Changes to the benefit system will effectively cut their income by an average of £149 per year, although the highest cut will be £1,497.

The Government has handed over responsibility for council tax benefit to local councils, but funded only 90 per cent of the cost of those payments. Bury, like other councils, has been working hard to draft a local scheme which aims to meet that shortfall and be fair to claimants. Pensioners will be protected from these cuts.

Some 185 people who currently receive the second adult rebate, or have savings of more than £8,000 will lose all council tax benefit entitlements. The second adult rebate is awarded when the claimant has a second adult living in his or her home that receives Pension Credit, Income Support, Income-based Job Seekers Allowance or Income-related Employment and Support Allowance, or has a low income.

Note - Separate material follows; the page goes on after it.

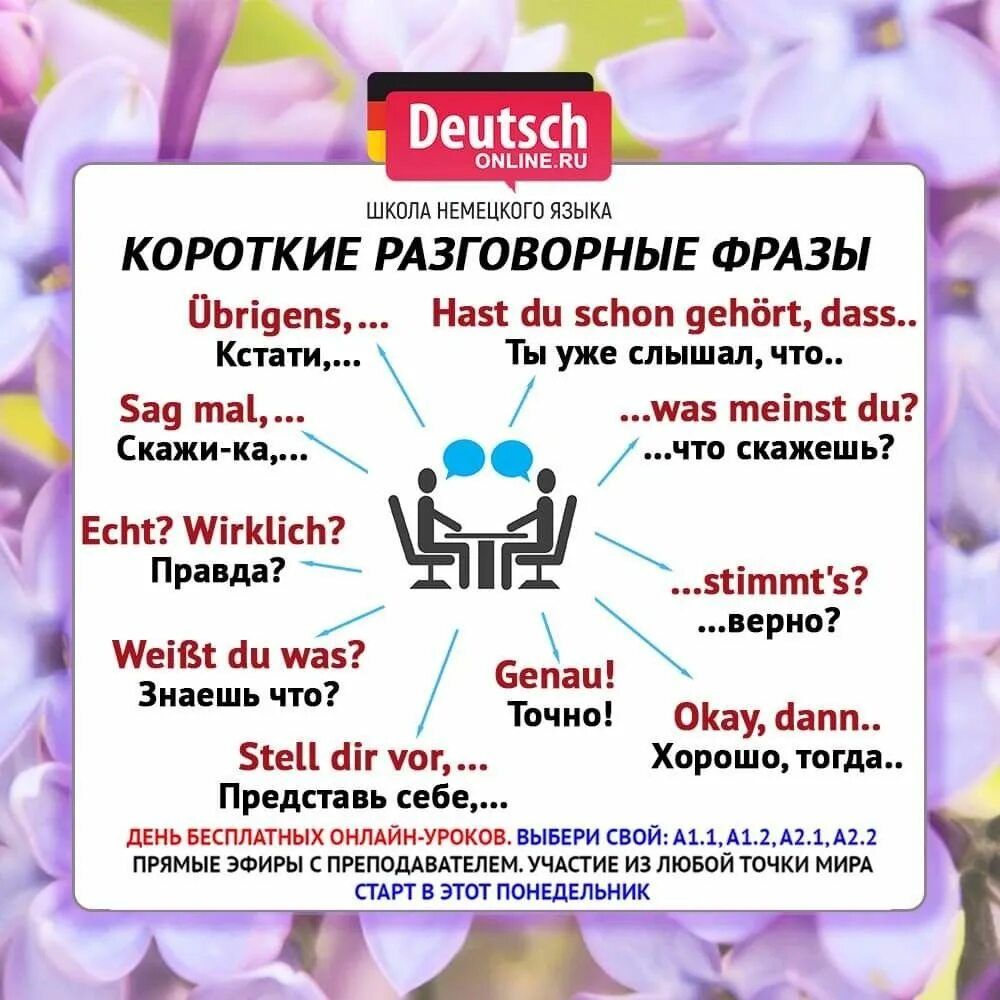 Быть сильнее на немецком. Фразы по немецки. Немецкий фразы для общения. Фразы для изучения немецкого. Фразы для диалога на немецком языке.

A further 802 people who live in higher property bands will also be affected, as council tax benefit will be capped at the maximum equivalent of a Band B property. Most of those affected currently live in a Band C home and will lose up to £3.10 per week.

Councillor Tony Isherwood, cabinet member for finance and resources, said: “In many ways, the handover of responsibility for benefits from the DWP to local councils is a poisoned chalice. In effect, we have been given ten per cent less money to pay benefits to the same number of claimants.

“There are nonsensical anomalies in the current system which need changing, such as the fact that someone could get 15p in benefit which costs more than that to process and send to them. But on the whole, the reality is that, just when times are hardest, a considerable number of people will have their benefits reduced.”